======== DATA SUPPLIED ========
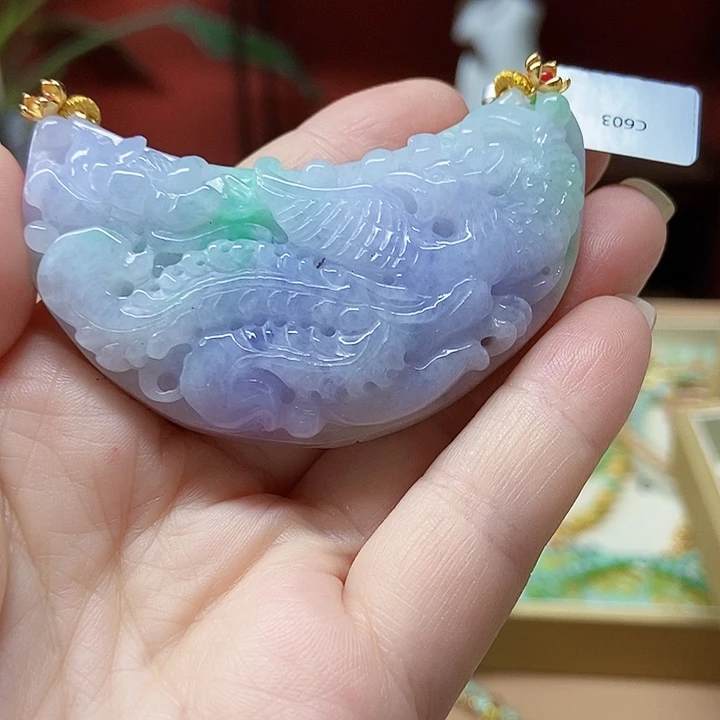 翡翠未镶嵌颈饰吊坠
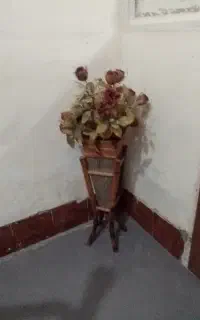 یک عدد گلدان با گل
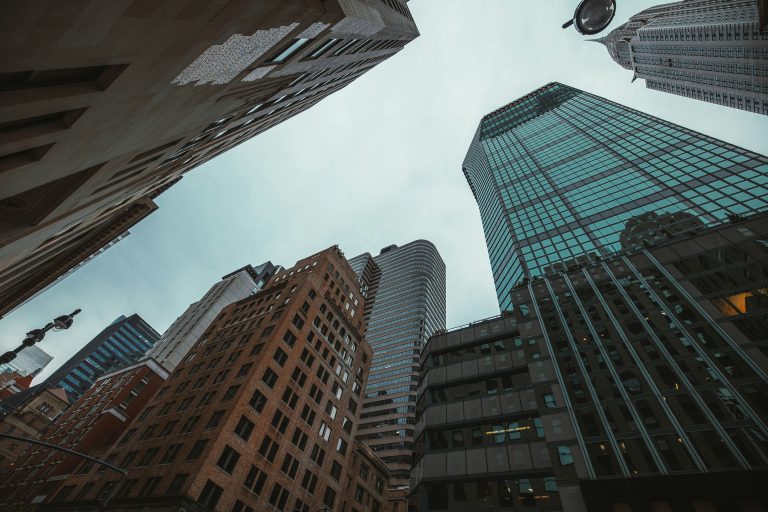 Qué es el brokerage corporativo, un mercado con oportunidades prometedoras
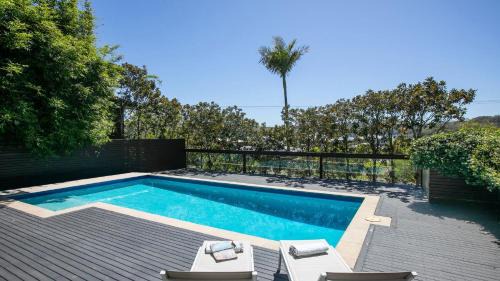 Wagstaffe House | Poolside At Wagstaffe
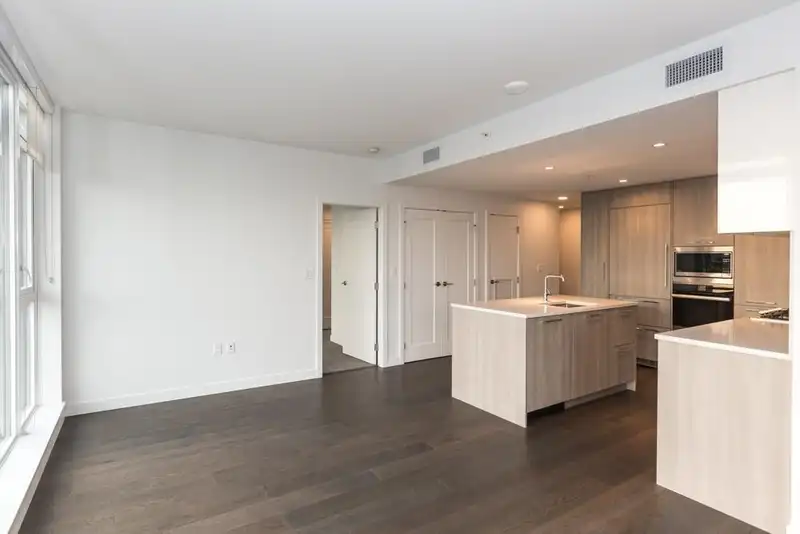 808 8155 CAPSTAN WAY - photo 4 of 13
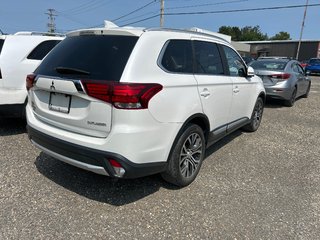 2018 Mitsubishi Outlander ES in Chandler, Quebec - 3 - w320h240px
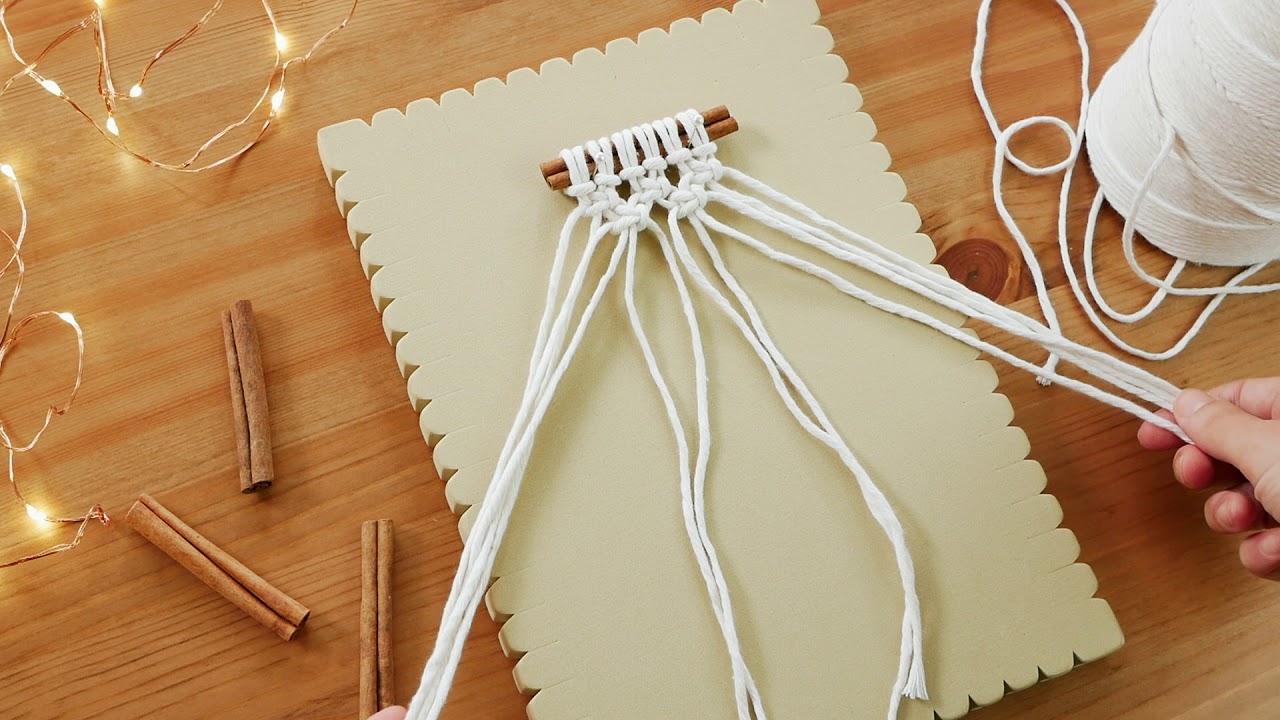 Macrame Christmas Ornament | Easy Tutorial for Beginners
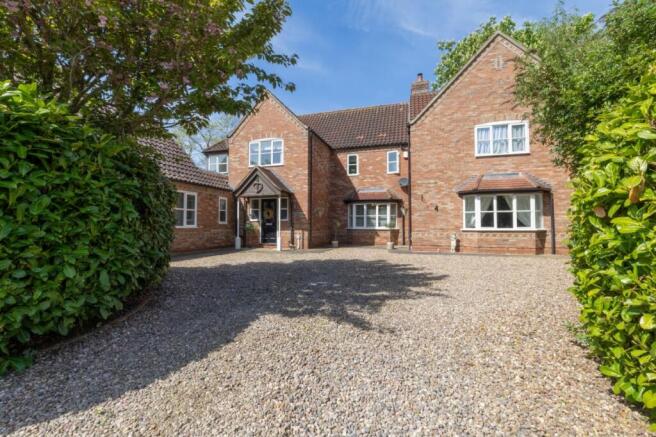 5 bed property, in The Park, £695,000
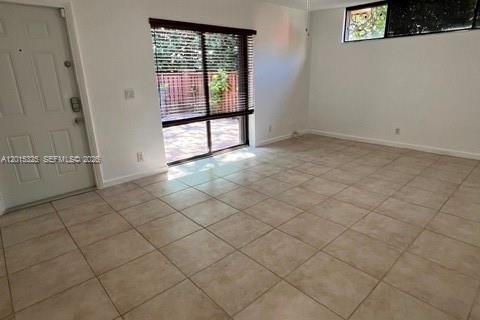 Touwnhouse à vendre à Boca Raton, Floride: 2 chambres, 120.96 m2 № 2154041 - photo 7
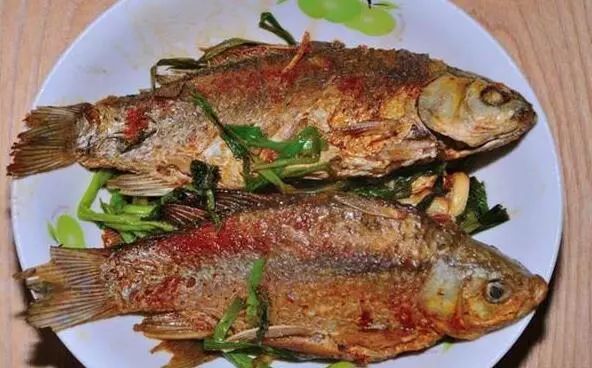 煎魚時,別再用生薑擦鍋了!大廚:牢記這3點,魚皮不破不粘鍋!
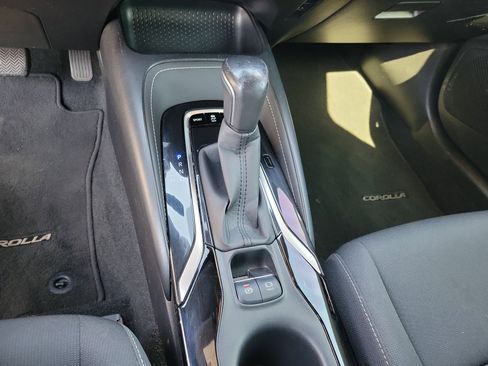 Used 2021 Toyota Corolla SE image 18
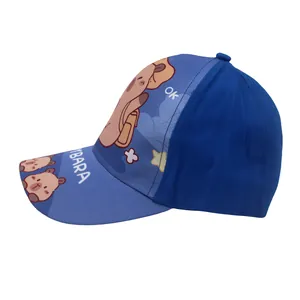 Detailweergave van de blauwe capibara kinderpet met hoogwaardig borduurwerk en canvas stof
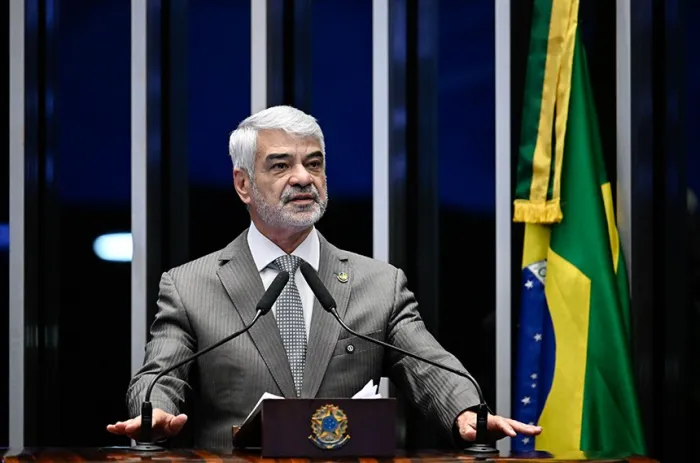 Humberto Costa anuncia reunião pela retomada da obra da Transnordestina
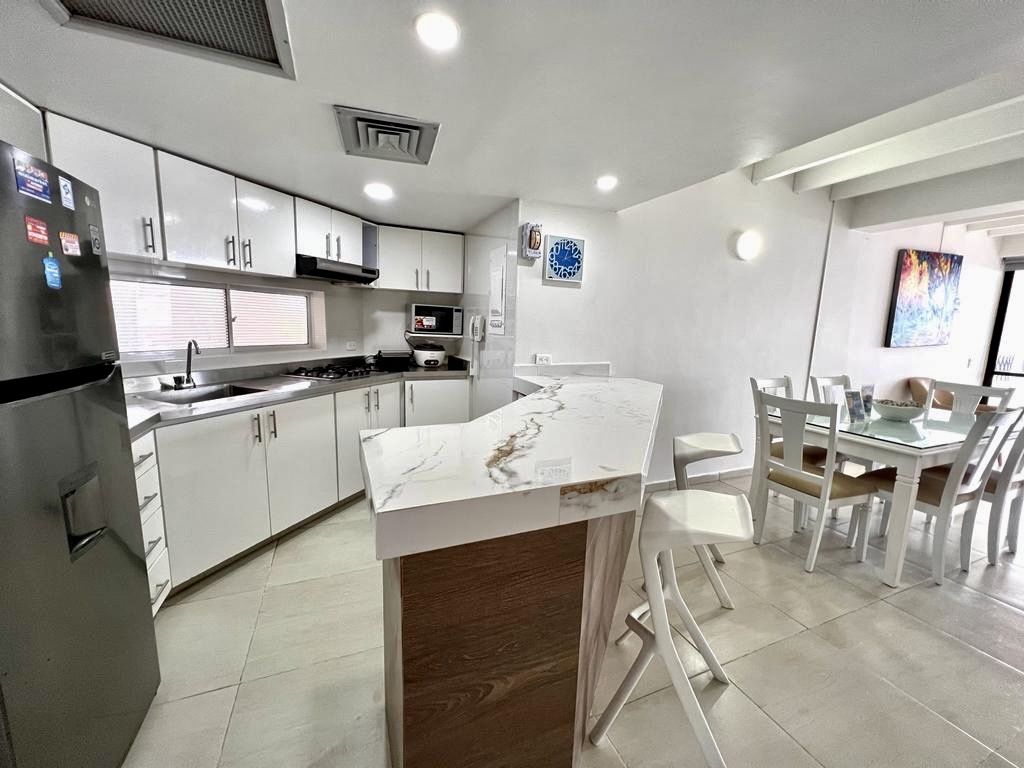 Apartamento en venta Archipiélago De San Andrés Providencia Y Santa Catalina San Andrés San Andrés 88 m2 Habitaciones 2 Baños 2 Garajes 1 Precio $1100000000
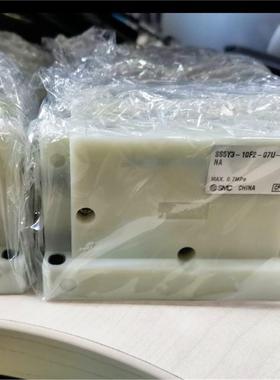 SMMGPL/MGPC三轴气缸MGPL2/MGM25-10ZP/15/20/25/300/040/50/75/1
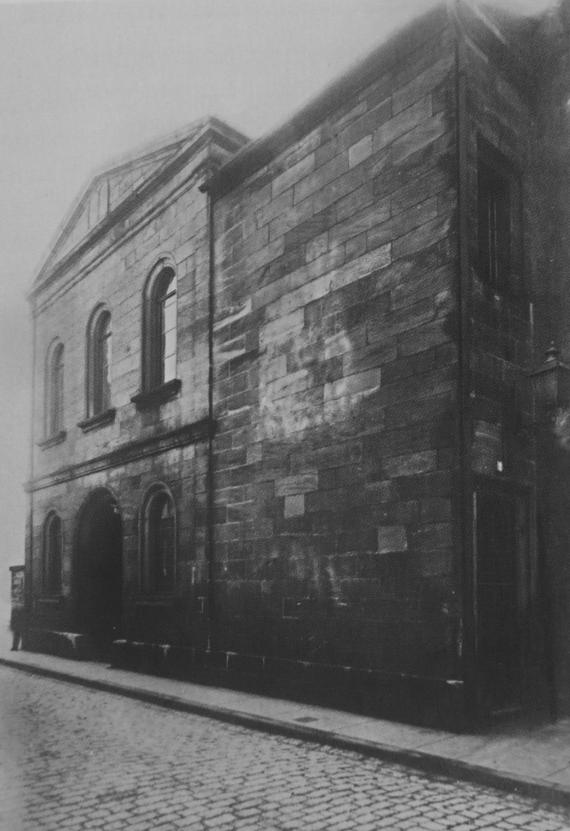 No longer existing entrance porch[4] of the synagogue around 1910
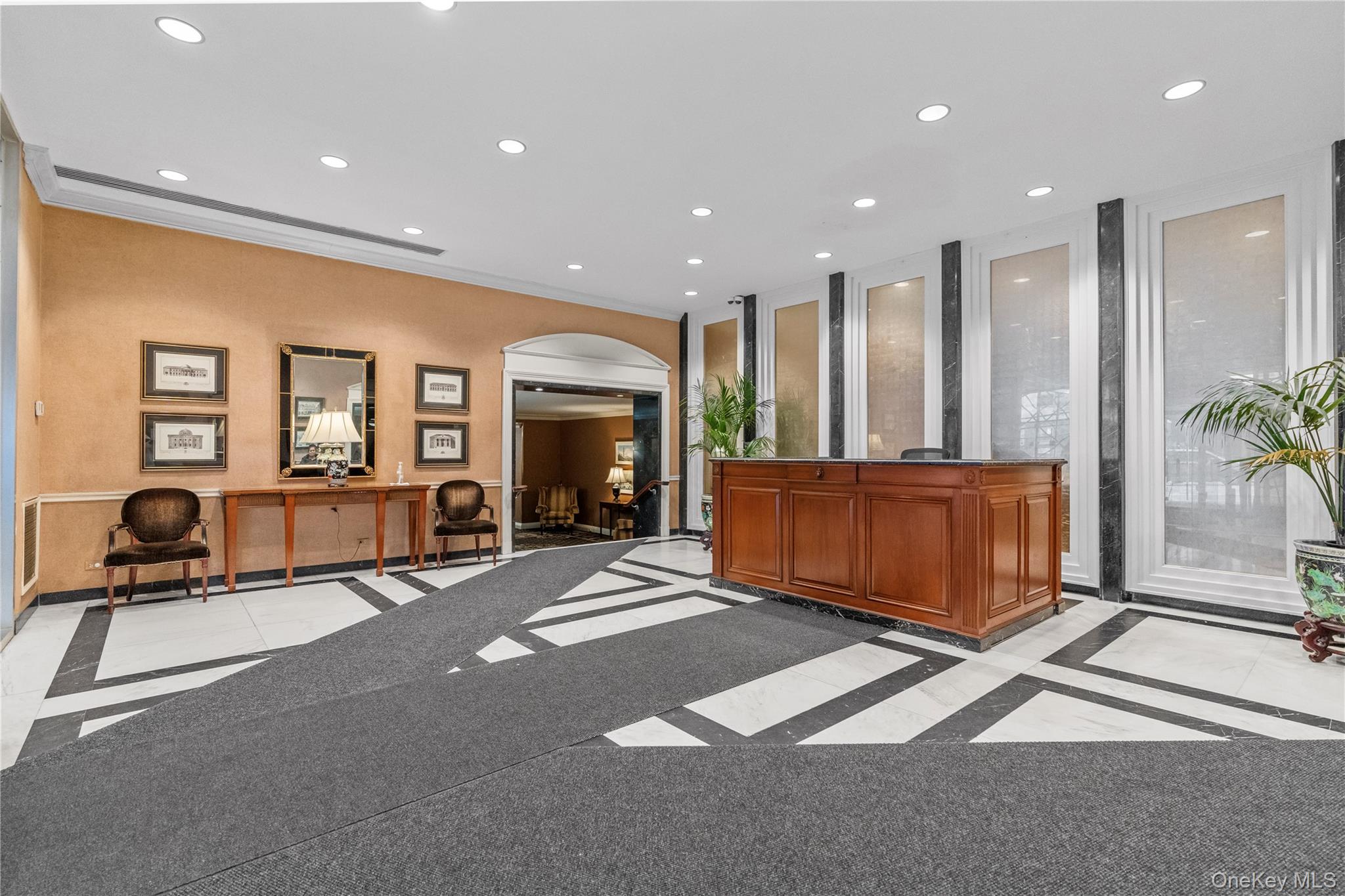 50 Sutton Sutton Place S # 19F, New York (Manhattan), NY 10022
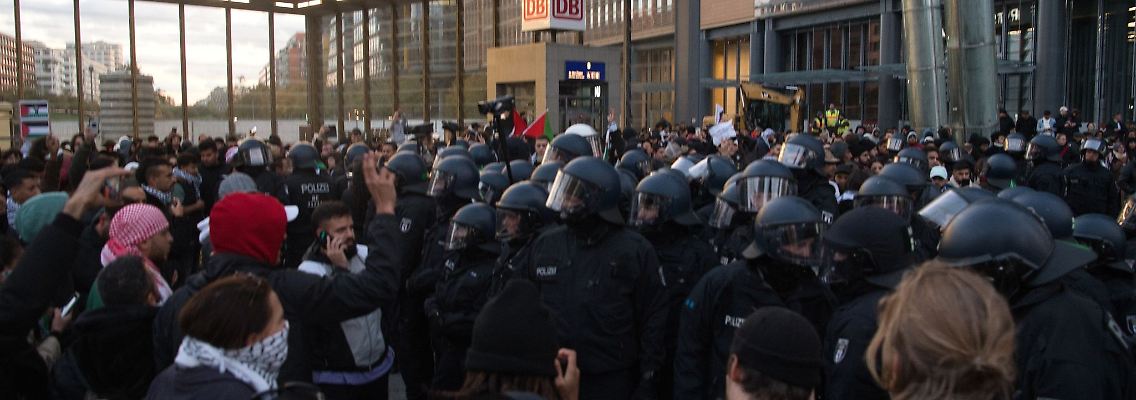Polizisten sind bei einer verbotenen Pro-Palästina-Demonstratin am Potsdamer Platz im Einsatz.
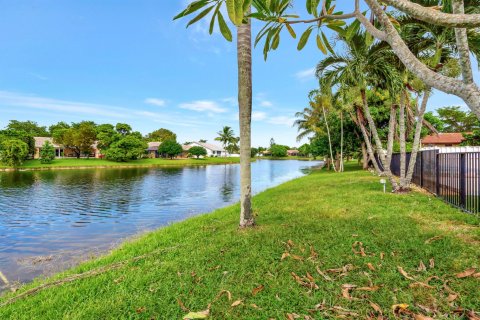 Villa ou maison à louer à Coral Springs, Floride: 4 chambres, 238.39 m2 № 788355 - photo 3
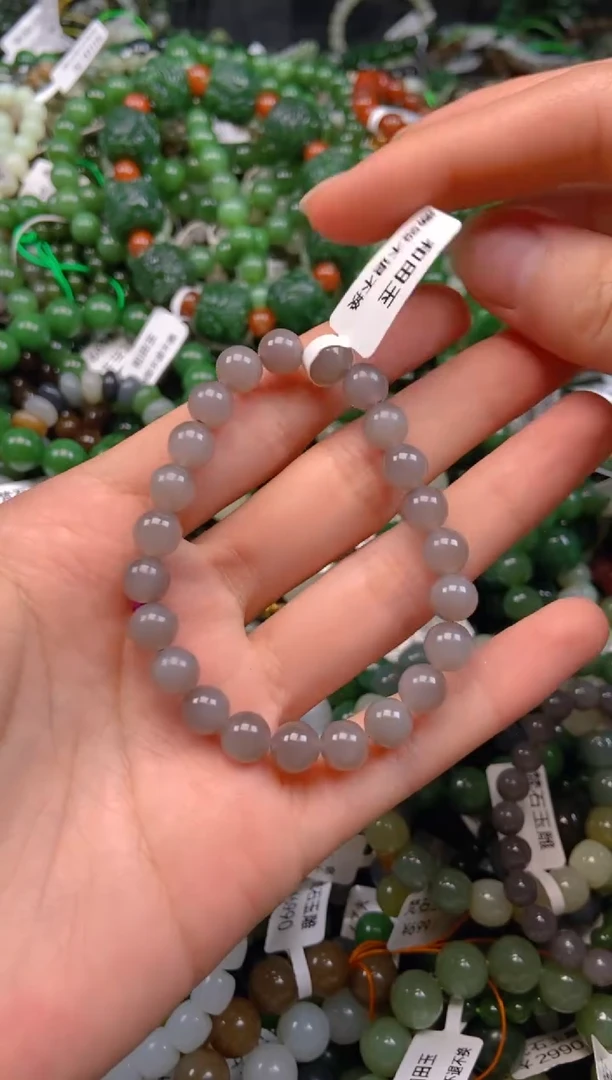 和田玉未镶嵌颈饰1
========
▶ DIRECTIONS:
The answer consists solely of the lines from the one holding "Villa ou maison" through the final line of the records, both ends included, each duplicated exactly. Leave images out.

▶ THE ANSWER:
 Villa ou maison à louer à Coral Springs, Floride: 4 chambres, 238.39 m2 № 788355 - photo 3
 和田玉未镶嵌颈饰1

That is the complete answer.